He maintains that the authorities have offered no evidence to prove

that the interference with his right to respect for private and family

life, his home and his correspondence was justified for any of the

reasons set out in Article 8 para. 2 of the Convention.

        Furthermore the applicant alleges a violation of Article 13 of

the Convention in that the Supreme Court declared that the courts had

no competence to look further into the matter than already done by the

Control Committee.  However, the Control Committee would represent no

effective remedy as guaranteed by Article 13 of the Convention as this

Committee offered no opportunity for him to know the facts or the legal

basis for its examination.

PROCEEDINGS BEFORE THE COMMISSION

        The application was introduced on 12 November 1987 and registered

on 28 January 1988.

        The Commission decided on 2 October 1989 to bring the

application to the notice of the respondent Government and to invite

them to submit written observations on the admissibility and merits of

the application.

        The Government submitted their observations on admissibility

and merits on 8 December 1989 and the applicant's observations in reply

were submitted on 23 February 1990.

THE LAW

1.      The applicant has complained that his telephone has been

tapped by the police without any justification.  He invokes Article 8

(Art. 8) of the Convention which reads:

"1.      Everyone has the right to respect for his private

and family life, his home and his correspondence.

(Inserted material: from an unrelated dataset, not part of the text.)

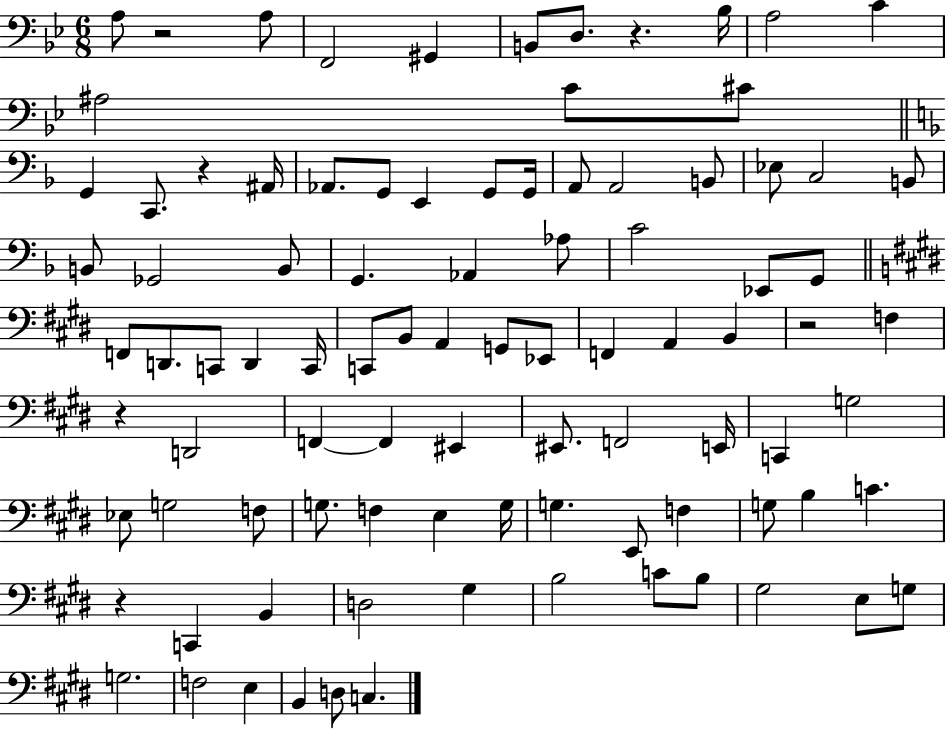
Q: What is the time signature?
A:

2.      There shall be no interference by a public authority

with the exercise of this right except such as is in

accordance with the law and is necessary in a democratic

society in the interests of national security, public safety

or the economic well-being of the country, for the prevention

of disorder or crime, for the protection of health or morals,

or for the protection of the rights and freedoms of others."

        The Commission first notes that it has never been publicly

established that the applicant's telephone was actually tapped.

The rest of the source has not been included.